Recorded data

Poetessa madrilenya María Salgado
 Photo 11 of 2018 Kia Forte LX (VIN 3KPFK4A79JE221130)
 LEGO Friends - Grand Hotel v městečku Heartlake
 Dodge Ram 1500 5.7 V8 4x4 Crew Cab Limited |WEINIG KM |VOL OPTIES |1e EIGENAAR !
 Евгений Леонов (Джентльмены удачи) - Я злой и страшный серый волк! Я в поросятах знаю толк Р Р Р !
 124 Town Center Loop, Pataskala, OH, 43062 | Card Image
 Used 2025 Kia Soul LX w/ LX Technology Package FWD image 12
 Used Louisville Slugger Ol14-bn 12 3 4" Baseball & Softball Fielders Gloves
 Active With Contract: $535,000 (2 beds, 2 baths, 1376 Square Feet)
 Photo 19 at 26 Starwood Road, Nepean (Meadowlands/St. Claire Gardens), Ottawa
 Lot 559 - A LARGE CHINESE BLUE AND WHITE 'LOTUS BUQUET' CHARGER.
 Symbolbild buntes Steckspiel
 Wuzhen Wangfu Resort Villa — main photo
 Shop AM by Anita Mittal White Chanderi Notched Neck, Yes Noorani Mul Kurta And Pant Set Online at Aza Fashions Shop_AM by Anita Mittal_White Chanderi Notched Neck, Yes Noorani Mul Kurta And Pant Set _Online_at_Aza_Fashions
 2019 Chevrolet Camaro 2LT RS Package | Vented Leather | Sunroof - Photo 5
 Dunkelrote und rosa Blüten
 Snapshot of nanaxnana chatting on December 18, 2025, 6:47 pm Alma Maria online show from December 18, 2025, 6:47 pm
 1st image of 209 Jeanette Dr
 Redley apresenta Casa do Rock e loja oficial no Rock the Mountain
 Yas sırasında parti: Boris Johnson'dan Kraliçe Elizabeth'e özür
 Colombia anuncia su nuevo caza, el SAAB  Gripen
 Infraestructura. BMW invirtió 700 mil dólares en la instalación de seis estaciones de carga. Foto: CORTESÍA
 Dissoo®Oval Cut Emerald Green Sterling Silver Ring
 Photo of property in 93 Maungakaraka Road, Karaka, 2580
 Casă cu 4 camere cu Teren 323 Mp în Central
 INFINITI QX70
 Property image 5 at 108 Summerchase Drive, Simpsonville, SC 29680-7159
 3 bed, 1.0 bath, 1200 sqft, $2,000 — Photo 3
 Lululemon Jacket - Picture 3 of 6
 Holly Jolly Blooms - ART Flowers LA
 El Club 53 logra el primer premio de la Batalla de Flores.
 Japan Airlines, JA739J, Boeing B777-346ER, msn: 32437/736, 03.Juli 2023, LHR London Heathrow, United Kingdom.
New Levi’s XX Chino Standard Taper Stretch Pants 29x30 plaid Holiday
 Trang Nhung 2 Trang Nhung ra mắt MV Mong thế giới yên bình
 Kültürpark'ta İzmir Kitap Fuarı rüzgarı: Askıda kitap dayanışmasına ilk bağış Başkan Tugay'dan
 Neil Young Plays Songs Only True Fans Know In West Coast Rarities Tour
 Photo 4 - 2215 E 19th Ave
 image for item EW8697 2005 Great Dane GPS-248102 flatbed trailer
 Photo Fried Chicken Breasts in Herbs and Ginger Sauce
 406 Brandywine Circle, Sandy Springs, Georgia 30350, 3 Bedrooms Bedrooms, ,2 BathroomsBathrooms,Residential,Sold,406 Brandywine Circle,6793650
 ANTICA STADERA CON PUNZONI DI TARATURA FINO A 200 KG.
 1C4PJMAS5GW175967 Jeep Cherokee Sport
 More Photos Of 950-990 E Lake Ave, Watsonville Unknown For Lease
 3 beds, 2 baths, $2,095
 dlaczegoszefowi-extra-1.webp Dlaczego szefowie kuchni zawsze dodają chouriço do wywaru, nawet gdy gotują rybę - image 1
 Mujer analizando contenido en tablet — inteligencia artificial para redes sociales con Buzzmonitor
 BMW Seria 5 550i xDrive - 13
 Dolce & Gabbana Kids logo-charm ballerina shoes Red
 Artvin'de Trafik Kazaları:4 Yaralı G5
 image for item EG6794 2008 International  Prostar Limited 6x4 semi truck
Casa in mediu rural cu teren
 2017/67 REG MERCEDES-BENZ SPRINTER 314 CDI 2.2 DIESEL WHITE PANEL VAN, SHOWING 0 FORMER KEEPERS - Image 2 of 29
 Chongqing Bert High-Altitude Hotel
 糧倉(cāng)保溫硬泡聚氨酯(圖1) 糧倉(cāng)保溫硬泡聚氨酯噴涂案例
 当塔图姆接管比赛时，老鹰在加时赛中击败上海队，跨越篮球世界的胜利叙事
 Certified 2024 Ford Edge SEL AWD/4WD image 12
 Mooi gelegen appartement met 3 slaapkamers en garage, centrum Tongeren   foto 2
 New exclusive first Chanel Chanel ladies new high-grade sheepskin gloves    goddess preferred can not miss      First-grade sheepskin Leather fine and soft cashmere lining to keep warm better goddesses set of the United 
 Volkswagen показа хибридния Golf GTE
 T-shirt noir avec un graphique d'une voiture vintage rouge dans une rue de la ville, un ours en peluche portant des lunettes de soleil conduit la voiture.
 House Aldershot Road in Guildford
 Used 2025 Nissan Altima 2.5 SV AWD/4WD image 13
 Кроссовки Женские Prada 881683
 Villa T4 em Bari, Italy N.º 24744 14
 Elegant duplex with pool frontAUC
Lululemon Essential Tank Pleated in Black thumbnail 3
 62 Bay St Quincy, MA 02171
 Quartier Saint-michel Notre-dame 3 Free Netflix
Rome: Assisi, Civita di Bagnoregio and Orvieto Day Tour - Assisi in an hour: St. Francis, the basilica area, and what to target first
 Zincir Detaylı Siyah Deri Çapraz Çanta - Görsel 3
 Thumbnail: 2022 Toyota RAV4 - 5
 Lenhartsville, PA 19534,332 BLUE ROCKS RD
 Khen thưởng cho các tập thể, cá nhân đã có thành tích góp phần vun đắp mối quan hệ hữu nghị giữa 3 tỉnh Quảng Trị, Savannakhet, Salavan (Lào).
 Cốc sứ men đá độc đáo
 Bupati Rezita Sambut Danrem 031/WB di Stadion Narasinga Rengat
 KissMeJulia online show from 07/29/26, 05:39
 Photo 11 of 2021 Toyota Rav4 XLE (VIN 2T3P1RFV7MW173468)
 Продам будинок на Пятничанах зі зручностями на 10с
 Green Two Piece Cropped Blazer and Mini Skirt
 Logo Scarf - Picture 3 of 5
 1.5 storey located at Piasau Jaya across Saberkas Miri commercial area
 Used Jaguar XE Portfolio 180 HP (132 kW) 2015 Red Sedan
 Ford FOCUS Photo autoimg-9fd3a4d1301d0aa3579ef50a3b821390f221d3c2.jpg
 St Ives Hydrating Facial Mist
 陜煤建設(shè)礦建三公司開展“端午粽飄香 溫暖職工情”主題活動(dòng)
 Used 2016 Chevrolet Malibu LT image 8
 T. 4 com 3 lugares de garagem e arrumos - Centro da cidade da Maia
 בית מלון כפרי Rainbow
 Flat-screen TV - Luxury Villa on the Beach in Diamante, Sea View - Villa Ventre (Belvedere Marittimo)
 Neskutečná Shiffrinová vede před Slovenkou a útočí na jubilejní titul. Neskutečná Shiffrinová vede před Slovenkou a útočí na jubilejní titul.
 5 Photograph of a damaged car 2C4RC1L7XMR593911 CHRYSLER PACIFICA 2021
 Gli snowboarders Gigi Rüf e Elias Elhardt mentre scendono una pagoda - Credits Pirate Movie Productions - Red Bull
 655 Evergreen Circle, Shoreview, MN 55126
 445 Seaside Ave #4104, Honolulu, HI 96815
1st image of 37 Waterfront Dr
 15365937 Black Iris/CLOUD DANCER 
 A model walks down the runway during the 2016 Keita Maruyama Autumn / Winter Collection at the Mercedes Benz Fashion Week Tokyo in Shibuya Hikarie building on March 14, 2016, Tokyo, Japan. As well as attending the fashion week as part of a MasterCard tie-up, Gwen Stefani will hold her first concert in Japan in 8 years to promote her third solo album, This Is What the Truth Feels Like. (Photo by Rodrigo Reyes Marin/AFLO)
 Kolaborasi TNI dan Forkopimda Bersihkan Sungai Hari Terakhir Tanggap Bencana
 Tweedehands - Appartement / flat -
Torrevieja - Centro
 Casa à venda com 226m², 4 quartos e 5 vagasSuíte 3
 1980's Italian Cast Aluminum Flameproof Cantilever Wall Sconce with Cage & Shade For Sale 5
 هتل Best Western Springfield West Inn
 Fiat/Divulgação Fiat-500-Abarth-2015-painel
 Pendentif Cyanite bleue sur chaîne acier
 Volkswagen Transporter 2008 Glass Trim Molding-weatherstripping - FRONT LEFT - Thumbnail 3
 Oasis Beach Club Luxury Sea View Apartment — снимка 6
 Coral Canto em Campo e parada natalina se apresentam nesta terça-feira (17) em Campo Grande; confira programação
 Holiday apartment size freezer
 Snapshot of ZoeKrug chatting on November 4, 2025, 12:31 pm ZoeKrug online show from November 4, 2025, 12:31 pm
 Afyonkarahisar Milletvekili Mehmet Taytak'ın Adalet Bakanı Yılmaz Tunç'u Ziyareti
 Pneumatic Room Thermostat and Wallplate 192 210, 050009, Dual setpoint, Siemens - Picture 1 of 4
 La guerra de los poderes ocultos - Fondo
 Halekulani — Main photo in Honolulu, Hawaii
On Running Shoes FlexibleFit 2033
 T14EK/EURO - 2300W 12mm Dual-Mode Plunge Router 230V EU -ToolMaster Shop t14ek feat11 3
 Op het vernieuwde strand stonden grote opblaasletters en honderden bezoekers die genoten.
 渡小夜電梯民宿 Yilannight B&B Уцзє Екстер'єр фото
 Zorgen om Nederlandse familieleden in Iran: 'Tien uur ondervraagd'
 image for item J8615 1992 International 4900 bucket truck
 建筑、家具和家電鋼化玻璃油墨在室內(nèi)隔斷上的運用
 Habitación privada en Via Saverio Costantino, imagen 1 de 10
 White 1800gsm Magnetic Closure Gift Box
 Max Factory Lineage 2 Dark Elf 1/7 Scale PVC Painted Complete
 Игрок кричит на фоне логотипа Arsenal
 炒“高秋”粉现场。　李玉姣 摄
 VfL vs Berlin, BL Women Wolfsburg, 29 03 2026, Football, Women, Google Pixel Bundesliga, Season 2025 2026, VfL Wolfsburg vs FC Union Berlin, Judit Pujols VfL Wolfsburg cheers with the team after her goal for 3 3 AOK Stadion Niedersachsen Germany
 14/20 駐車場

**Work item**.
Using the data above, print exactly the lines from the line that contains "Kolaborasi TNI dan" through the line that contains "Игрок кричит на фоне логотипа Arsenal", with both included.

**Result of the task**.
 Kolaborasi TNI dan Forkopimda Bersihkan Sungai Hari Terakhir Tanggap Bencana
 Tweedehands - Appartement / flat -
Torrevieja - Centro
 Casa à venda com 226m², 4 quartos e 5 vagasSuíte 3
 1980's Italian Cast Aluminum Flameproof Cantilever Wall Sconce with Cage & Shade For Sale 5
 هتل Best Western Springfield West Inn
 Fiat/Divulgação Fiat-500-Abarth-2015-painel
 Pendentif Cyanite bleue sur chaîne acier
 Volkswagen Transporter 2008 Glass Trim Molding-weatherstripping - FRONT LEFT - Thumbnail 3
 Oasis Beach Club Luxury Sea View Apartment — снимка 6
 Coral Canto em Campo e parada natalina se apresentam nesta terça-feira (17) em Campo Grande; confira programação
 Holiday apartment size freezer
 Snapshot of ZoeKrug chatting on November 4, 2025, 12:31 pm ZoeKrug online show from November 4, 2025, 12:31 pm
 Afyonkarahisar Milletvekili Mehmet Taytak'ın Adalet Bakanı Yılmaz Tunç'u Ziyareti
 Pneumatic Room Thermostat and Wallplate 192 210, 050009, Dual setpoint, Siemens - Picture 1 of 4
 La guerra de los poderes ocultos - Fondo
 Halekulani — Main photo in Honolulu, Hawaii
On Running Shoes FlexibleFit 2033
 T14EK/EURO - 2300W 12mm Dual-Mode Plunge Router 230V EU -ToolMaster Shop t14ek feat11 3
 Op het vernieuwde strand stonden grote opblaasletters en honderden bezoekers die genoten.
 渡小夜電梯民宿 Yilannight B&B Уцзє Екстер'єр фото
 Zorgen om Nederlandse familieleden in Iran: 'Tien uur ondervraagd'
 image for item J8615 1992 International 4900 bucket truck
 建筑、家具和家電鋼化玻璃油墨在室內(nèi)隔斷上的運用
 Habitación privada en Via Saverio Costantino, imagen 1 de 10
 White 1800gsm Magnetic Closure Gift Box
 Max Factory Lineage 2 Dark Elf 1/7 Scale PVC Painted Complete
 Игрок кричит на фоне логотипа Arsenal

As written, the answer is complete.